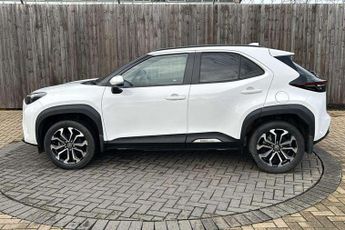 Toyota Yaris Cross 1.5 Hybrid Design 5dr CVT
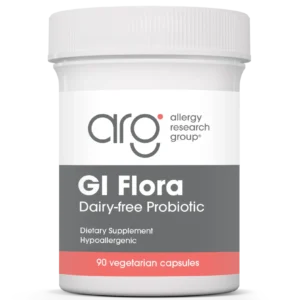 GI Flora 90 caps 72461.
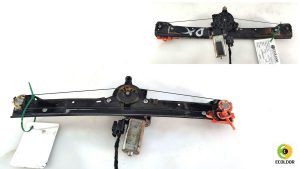 MOTORINO ALZAVETRO ANTERIORE DESTRO 199A2000 FIAT GRANDE PUNTO 1.3MJT 2007 57A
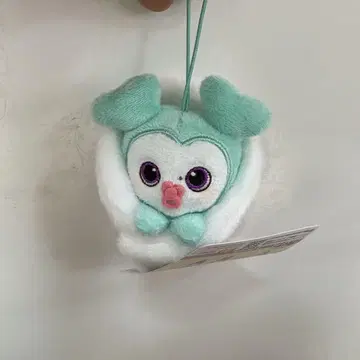 TWICE 러블리 아기 싸개 마스코트 미나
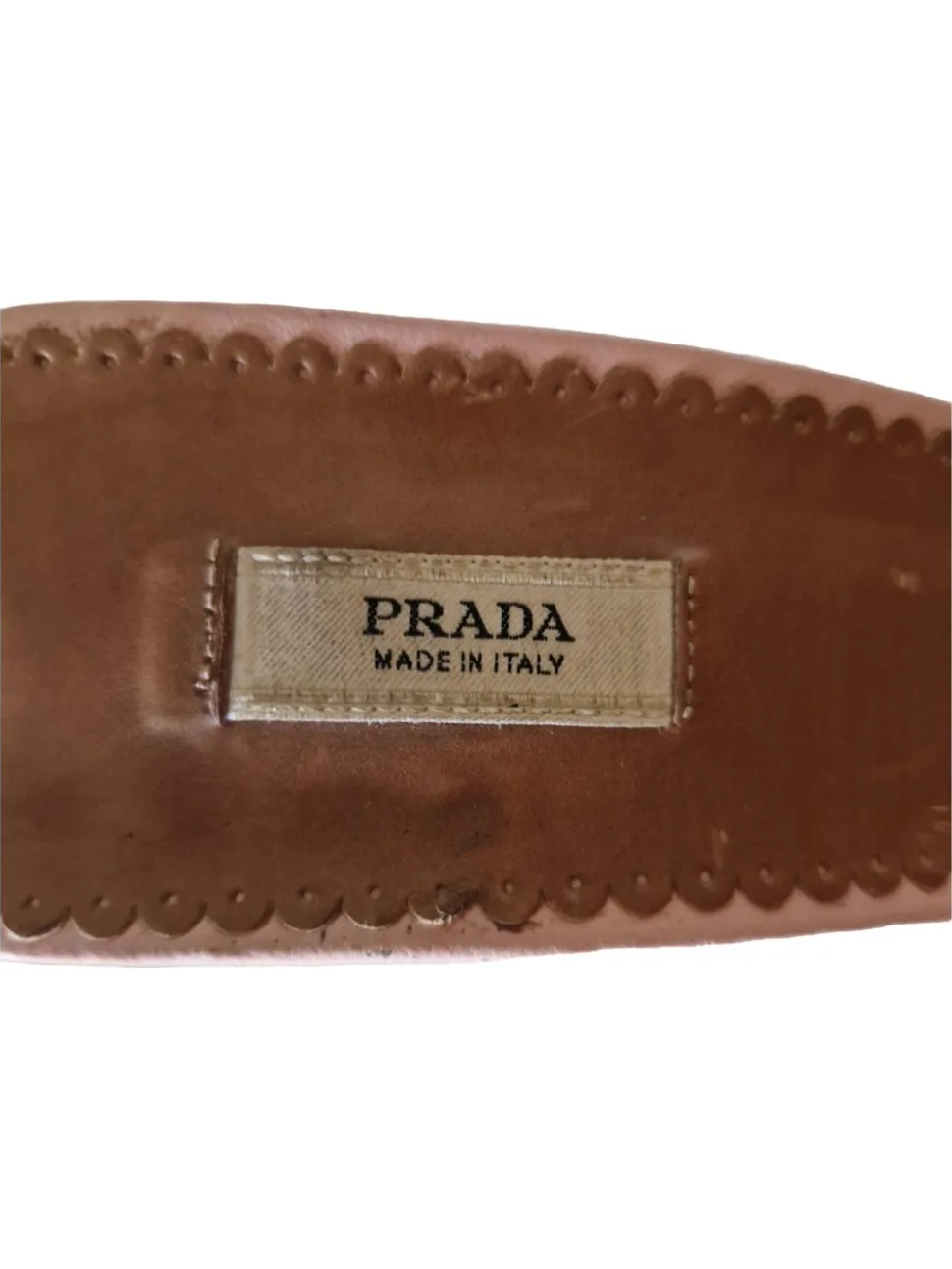 Pantoletten Größe 36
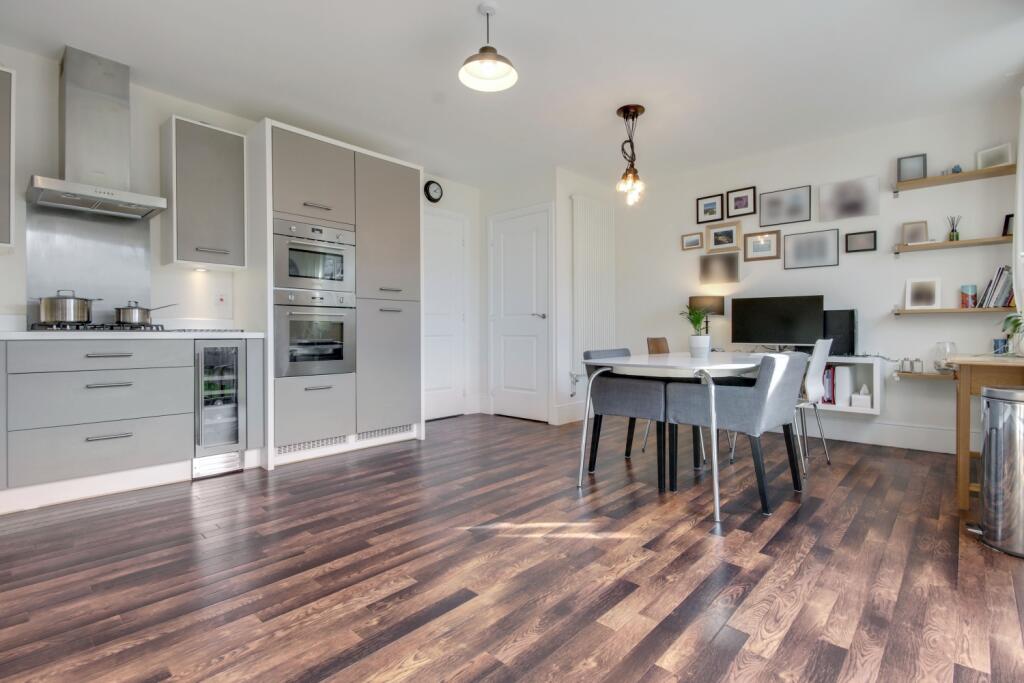 Kitchen and Dining Room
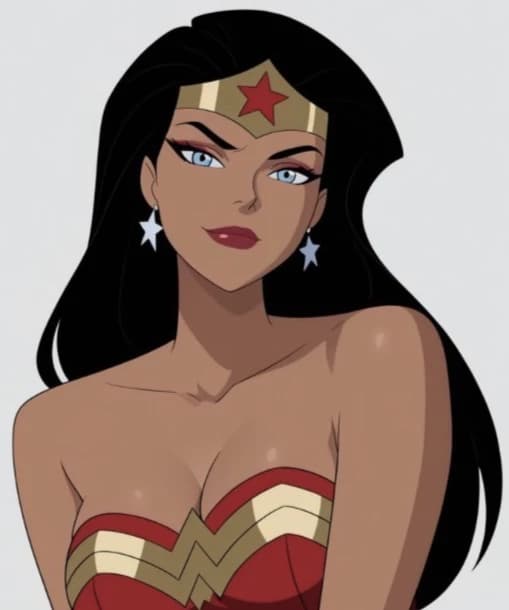 Diana Princess (Wonder Woman) thumbnail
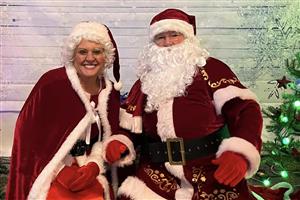 Tree/Menorah Lighting 2023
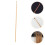 wooden ear wax picker cleaning tool stick 4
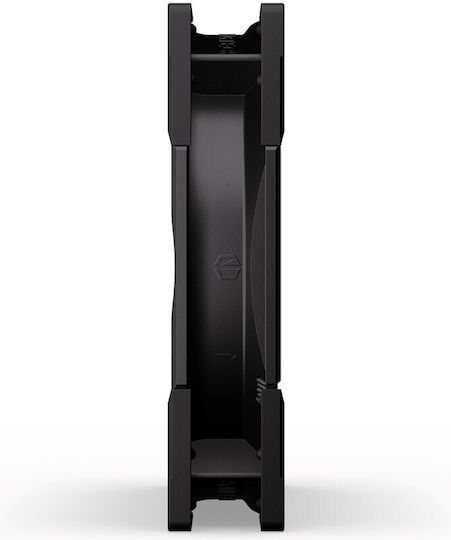 Endorfy Fluctus 120 PWM Case Fan 1800rpm Without LEDs Connection 4-Pin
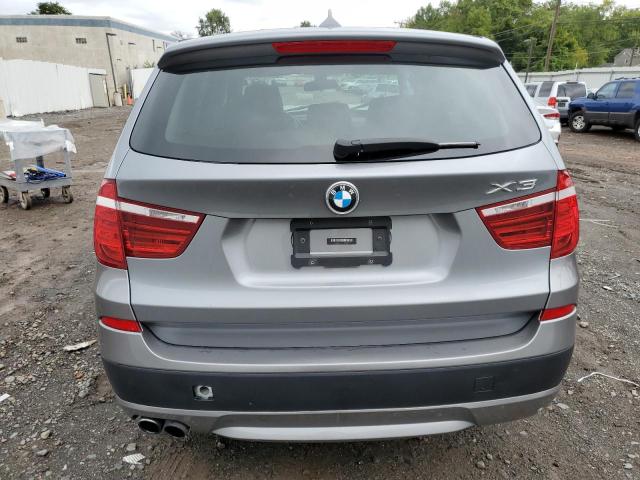 5UXWX7C50E0E78479 BMW X3 Xdrive35i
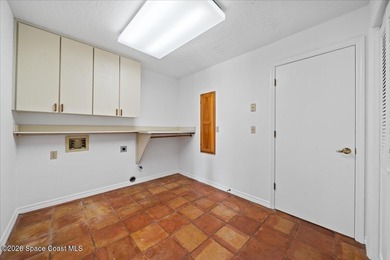 Gorgeous lakefront location in the heart of Suntree. This 4 on Baytree National Golf Links in Florida - for sale on GolfHomes.com, golf home, golf lot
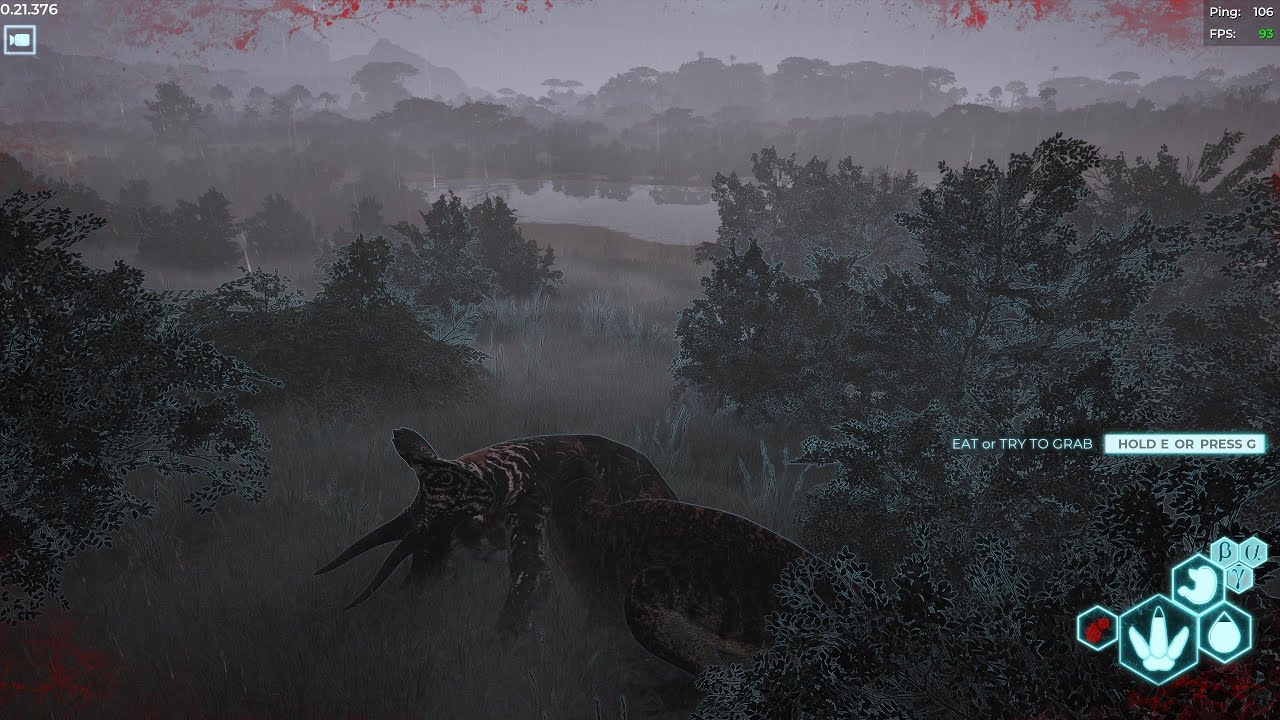 rex ambushing prime trike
########
§ **ASSIGNED TASK**
Begin with the line containing "Gorgeous lakefront location" and end with the last line of the entries above. Copy those lines exactly, both ends included, and drop every picture.

§ **SOLUTION TO THIS PROBLEM**
 Gorgeous lakefront location in the heart of Suntree. This 4 on Baytree National Golf Links in Florida - for sale on GolfHomes.com, golf home, golf lot
 rex ambushing prime trike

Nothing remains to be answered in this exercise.